**What the task requires**
For the material below, output exactly the span from the line with "デラックスルーム, Waterfront Cebu" to the line with "C4 Citroën ذهبي", including both, and nothing besides.

**Available records**
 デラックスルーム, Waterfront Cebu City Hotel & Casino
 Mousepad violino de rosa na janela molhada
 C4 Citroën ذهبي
* * *
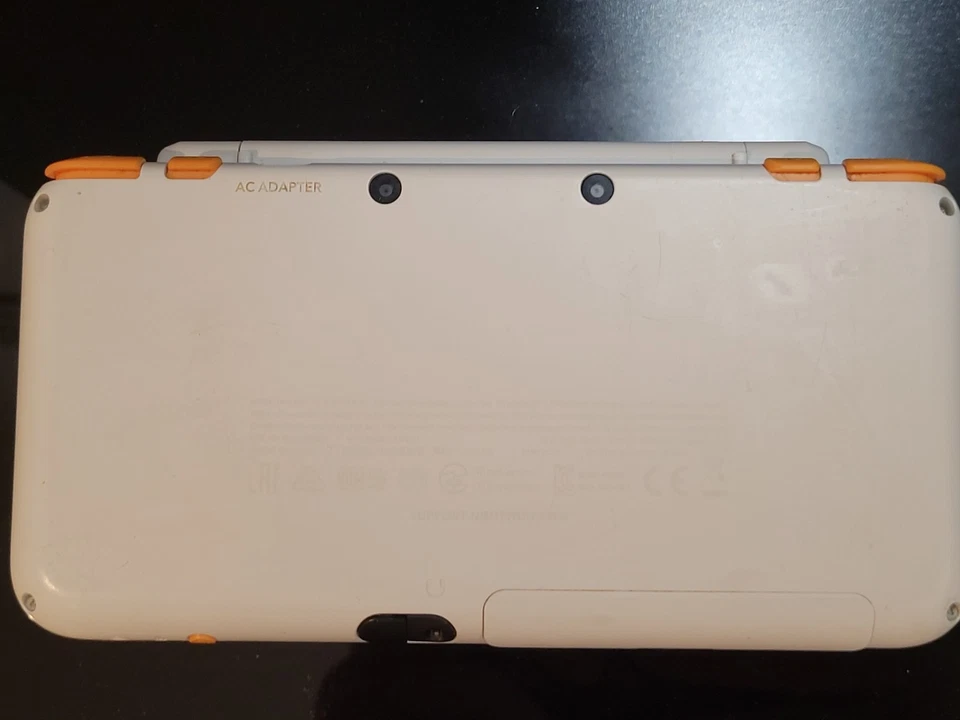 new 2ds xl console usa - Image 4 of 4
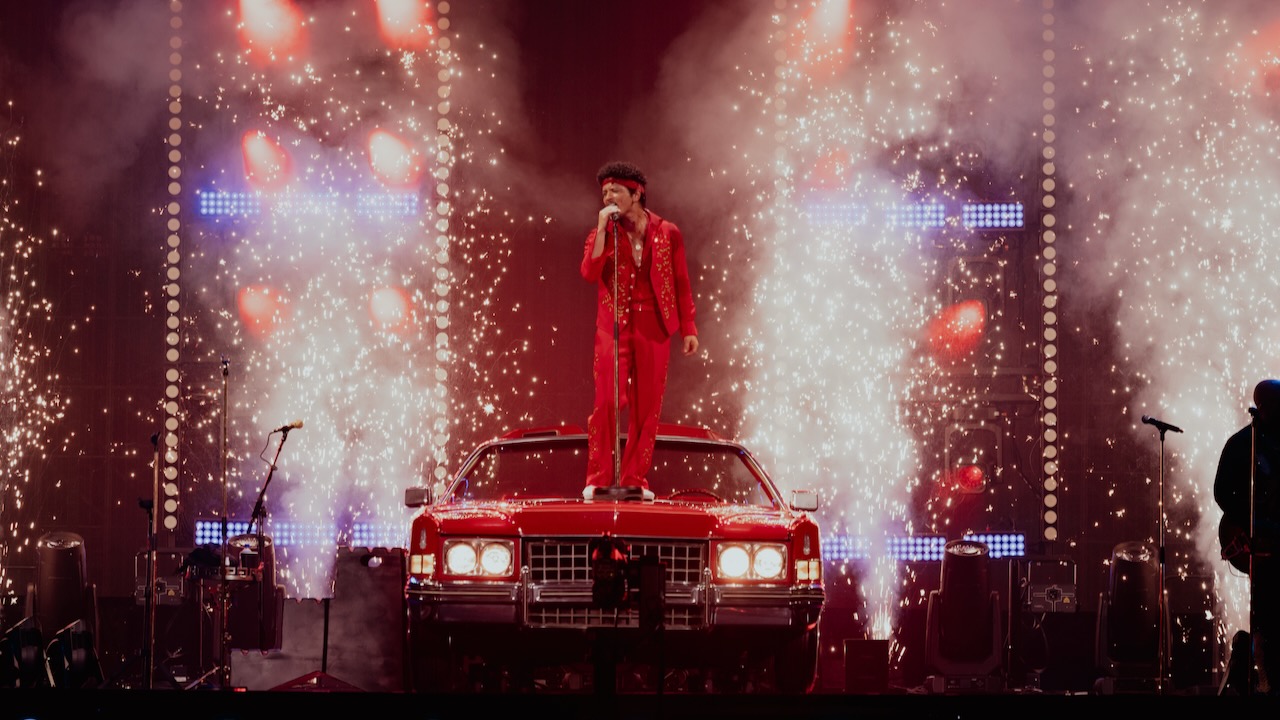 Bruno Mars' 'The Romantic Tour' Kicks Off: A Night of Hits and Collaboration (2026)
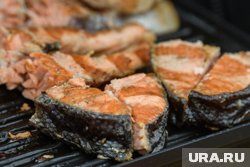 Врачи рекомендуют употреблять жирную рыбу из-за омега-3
==
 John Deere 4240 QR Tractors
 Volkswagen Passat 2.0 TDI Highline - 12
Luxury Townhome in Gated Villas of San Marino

**Response area**
 デラックスルーム, Waterfront Cebu City Hotel & Casino
 Mousepad violino de rosa na janela molhada
 C4 Citroën ذهبي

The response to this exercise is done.